EXERCISE OBJECTIVE —
In the listing below, which lines contain the string "Management"? Copy them all.

═══ TASK INPUTS ═══

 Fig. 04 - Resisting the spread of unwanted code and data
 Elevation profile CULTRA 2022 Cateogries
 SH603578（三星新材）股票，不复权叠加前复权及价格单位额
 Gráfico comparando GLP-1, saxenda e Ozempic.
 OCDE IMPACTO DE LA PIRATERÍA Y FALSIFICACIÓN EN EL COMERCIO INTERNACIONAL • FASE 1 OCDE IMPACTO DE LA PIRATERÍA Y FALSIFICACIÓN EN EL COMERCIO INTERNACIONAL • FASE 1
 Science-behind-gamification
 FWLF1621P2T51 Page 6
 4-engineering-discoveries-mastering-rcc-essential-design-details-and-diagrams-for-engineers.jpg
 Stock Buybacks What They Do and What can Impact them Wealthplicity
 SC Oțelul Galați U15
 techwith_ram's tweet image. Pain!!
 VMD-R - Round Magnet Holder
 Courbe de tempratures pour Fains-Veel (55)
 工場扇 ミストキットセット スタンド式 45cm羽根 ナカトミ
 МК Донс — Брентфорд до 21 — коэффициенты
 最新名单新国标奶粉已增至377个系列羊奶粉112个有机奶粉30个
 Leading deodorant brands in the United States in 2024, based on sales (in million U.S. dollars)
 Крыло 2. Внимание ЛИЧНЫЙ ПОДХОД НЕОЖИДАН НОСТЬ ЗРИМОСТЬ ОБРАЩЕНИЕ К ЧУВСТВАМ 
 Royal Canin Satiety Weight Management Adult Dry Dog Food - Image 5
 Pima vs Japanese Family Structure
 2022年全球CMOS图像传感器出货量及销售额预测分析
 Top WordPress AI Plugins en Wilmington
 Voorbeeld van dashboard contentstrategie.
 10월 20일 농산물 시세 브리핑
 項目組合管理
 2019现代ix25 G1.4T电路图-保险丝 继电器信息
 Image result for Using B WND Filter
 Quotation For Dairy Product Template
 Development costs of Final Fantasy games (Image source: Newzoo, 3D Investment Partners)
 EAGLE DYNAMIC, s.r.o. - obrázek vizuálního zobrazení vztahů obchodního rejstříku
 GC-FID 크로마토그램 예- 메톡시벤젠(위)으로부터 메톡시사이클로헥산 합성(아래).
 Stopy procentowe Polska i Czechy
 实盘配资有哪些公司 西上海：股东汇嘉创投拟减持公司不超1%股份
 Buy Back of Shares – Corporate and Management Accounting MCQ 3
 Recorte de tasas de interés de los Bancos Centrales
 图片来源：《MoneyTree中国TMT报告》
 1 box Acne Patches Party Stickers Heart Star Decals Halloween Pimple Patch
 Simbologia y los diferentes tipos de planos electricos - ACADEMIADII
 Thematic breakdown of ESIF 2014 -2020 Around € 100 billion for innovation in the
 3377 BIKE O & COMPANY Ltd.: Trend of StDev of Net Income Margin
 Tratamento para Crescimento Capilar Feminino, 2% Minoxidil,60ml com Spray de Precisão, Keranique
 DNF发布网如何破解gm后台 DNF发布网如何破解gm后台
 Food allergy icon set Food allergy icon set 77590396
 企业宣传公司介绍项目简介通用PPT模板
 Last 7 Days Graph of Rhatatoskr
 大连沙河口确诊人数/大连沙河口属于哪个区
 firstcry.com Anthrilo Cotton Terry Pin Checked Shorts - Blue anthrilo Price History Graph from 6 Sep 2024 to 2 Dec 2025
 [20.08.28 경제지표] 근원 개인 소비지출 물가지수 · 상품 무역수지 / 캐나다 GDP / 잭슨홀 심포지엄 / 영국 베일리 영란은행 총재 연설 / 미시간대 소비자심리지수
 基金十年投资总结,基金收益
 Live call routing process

═══

RESULT —
 Royal Canin Satiety Weight Management Adult Dry Dog Food - Image 5
 Buy Back of Shares – Corporate and Management Accounting MCQ 3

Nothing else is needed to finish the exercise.